▶ **SUPPLIED DATA**
=== Begin Enclosure ===
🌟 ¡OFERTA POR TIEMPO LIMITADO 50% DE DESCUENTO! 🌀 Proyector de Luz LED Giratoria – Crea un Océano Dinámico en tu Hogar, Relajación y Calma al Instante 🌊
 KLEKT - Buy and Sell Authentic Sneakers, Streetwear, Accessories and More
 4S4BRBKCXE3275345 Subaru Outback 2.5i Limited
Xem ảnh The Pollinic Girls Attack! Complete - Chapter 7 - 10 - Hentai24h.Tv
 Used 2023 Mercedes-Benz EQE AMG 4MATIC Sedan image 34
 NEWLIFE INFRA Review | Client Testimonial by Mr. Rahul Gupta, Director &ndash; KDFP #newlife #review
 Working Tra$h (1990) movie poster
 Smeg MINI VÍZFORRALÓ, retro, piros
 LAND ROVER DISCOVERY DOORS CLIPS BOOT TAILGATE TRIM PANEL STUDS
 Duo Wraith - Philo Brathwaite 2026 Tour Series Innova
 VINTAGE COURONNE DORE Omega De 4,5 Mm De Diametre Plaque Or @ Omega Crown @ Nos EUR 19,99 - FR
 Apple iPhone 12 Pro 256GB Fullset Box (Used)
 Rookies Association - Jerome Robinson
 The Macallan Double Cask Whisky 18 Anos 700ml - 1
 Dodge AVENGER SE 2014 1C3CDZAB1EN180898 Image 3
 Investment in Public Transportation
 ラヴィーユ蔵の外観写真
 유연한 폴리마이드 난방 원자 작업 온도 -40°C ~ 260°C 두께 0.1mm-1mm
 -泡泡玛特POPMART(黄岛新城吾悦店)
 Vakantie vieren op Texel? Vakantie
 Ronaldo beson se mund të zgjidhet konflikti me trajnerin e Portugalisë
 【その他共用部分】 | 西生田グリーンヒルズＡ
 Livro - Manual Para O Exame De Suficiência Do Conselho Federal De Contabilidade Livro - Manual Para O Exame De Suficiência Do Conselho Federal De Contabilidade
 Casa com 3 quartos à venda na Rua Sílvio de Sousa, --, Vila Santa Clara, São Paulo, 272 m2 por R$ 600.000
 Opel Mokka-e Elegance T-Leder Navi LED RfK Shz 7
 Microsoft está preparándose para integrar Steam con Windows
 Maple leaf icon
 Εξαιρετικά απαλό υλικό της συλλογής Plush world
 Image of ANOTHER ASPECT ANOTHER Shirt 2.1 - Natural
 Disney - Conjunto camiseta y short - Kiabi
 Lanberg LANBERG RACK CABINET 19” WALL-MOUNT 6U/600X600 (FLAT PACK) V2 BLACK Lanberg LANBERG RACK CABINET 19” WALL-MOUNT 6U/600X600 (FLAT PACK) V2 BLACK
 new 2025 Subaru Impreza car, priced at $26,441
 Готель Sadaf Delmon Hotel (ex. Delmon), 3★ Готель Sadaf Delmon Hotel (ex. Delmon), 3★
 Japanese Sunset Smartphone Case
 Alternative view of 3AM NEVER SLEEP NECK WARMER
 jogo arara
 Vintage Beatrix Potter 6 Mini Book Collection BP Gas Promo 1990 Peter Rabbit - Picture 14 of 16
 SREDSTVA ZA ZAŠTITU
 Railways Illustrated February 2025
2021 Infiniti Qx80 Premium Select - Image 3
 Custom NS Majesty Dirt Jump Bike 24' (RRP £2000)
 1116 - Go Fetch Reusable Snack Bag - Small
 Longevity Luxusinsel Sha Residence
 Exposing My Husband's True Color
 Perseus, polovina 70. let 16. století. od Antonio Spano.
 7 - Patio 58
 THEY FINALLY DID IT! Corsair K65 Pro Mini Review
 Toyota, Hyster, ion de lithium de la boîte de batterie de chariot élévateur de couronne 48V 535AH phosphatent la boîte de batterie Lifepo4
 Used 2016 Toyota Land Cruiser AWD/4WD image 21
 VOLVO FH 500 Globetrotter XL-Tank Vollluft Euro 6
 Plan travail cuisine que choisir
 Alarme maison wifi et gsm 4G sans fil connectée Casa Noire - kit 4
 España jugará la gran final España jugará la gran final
=== End Enclosure ===
Take the line containing "Vintage Beatrix Potter" as the start and the last line of the data as the end, and reproduce that range exactly.

 Vintage Beatrix Potter 6 Mini Book Collection BP Gas Promo 1990 Peter Rabbit - Picture 14 of 16
 SREDSTVA ZA ZAŠTITU
 Railways Illustrated February 2025
2021 Infiniti Qx80 Premium Select - Image 3
 Custom NS Majesty Dirt Jump Bike 24' (RRP £2000)
 1116 - Go Fetch Reusable Snack Bag - Small
 Longevity Luxusinsel Sha Residence
 Exposing My Husband's True Color
 Perseus, polovina 70. let 16. století. od Antonio Spano.
 7 - Patio 58
 THEY FINALLY DID IT! Corsair K65 Pro Mini Review
 Toyota, Hyster, ion de lithium de la boîte de batterie de chariot élévateur de couronne 48V 535AH phosphatent la boîte de batterie Lifepo4
 Used 2016 Toyota Land Cruiser AWD/4WD image 21
 VOLVO FH 500 Globetrotter XL-Tank Vollluft Euro 6
 Plan travail cuisine que choisir
 Alarme maison wifi et gsm 4G sans fil connectée Casa Noire - kit 4
 España jugará la gran final España jugará la gran final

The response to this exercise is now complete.